*** DATA BLOCK
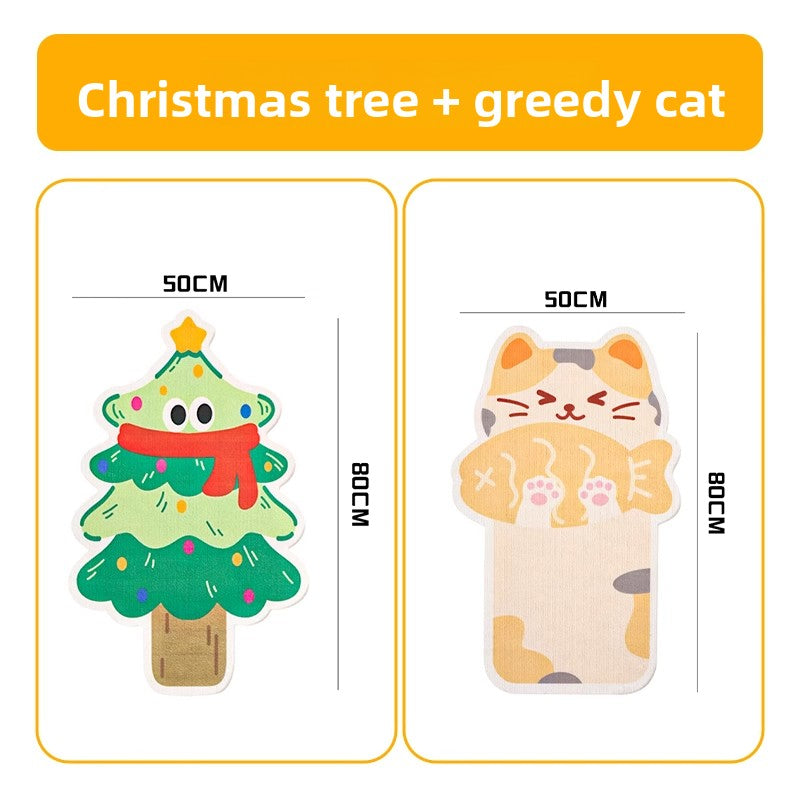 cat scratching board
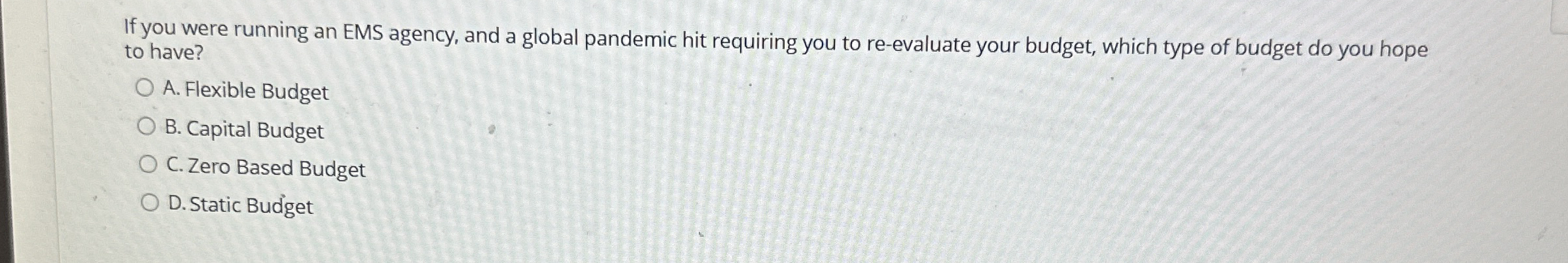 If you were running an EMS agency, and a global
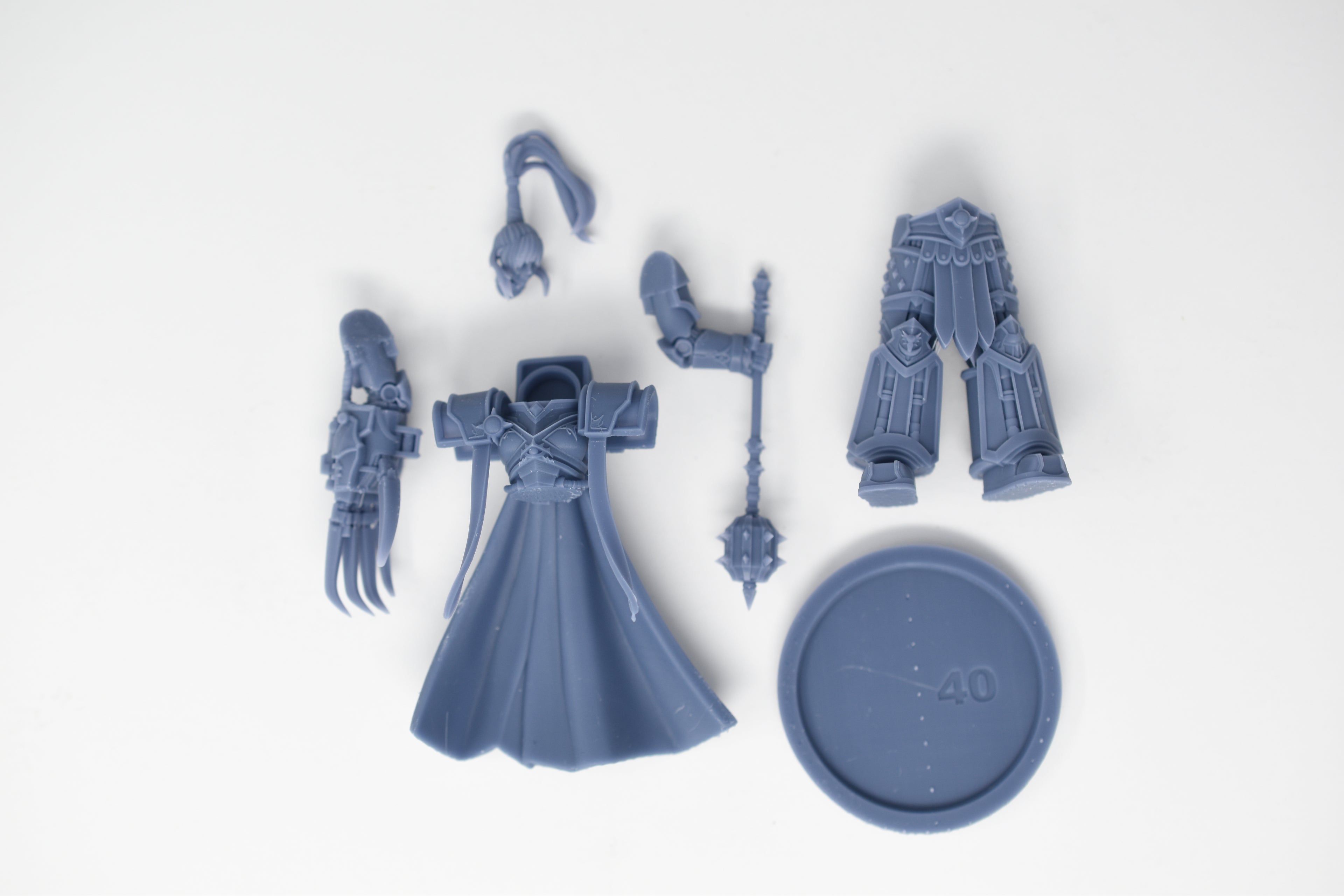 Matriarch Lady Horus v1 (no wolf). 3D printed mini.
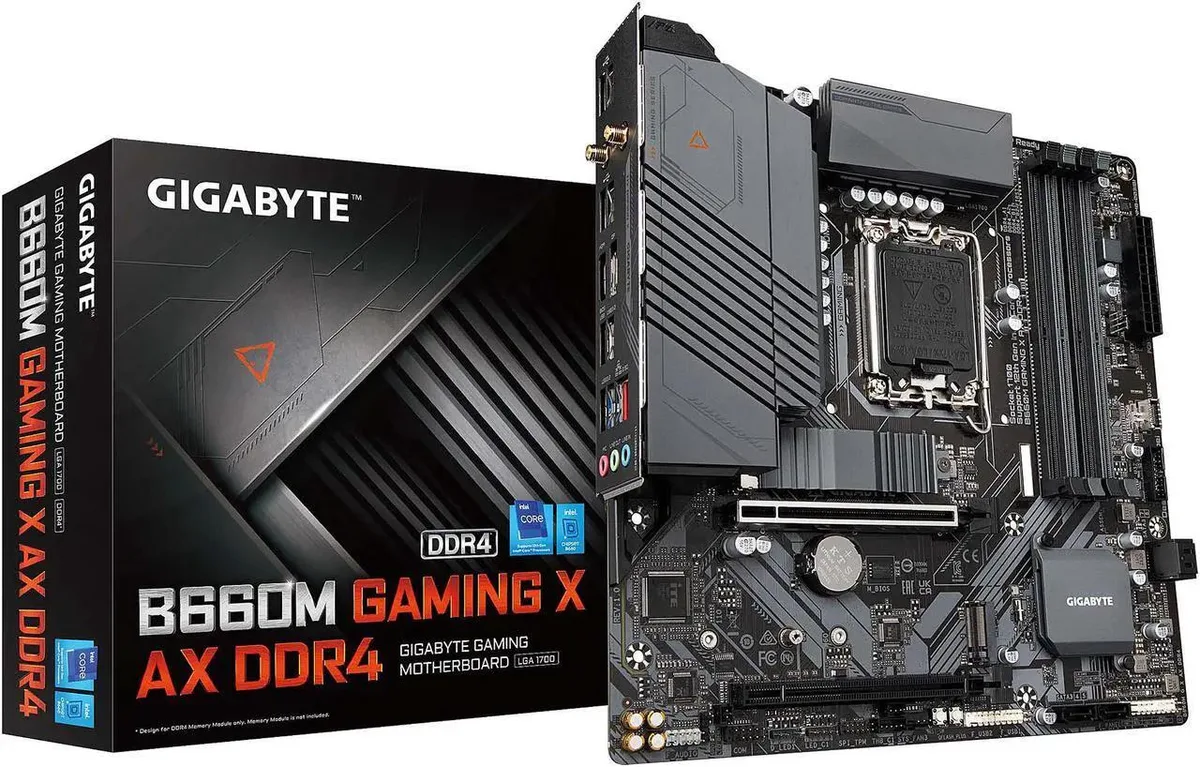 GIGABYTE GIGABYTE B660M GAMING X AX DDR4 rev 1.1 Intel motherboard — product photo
******
→ **ASSIGNED TASK**
Output precisely the lines in the material above from the line containing "If you were" through its last line, and omit pictures.

→ **THE ANSWER**
 If you were running an EMS agency, and a global
 Matriarch Lady Horus v1 (no wolf). 3D printed mini.
 GIGABYTE GIGABYTE B660M GAMING X AX DDR4 rev 1.1 Intel motherboard — product photo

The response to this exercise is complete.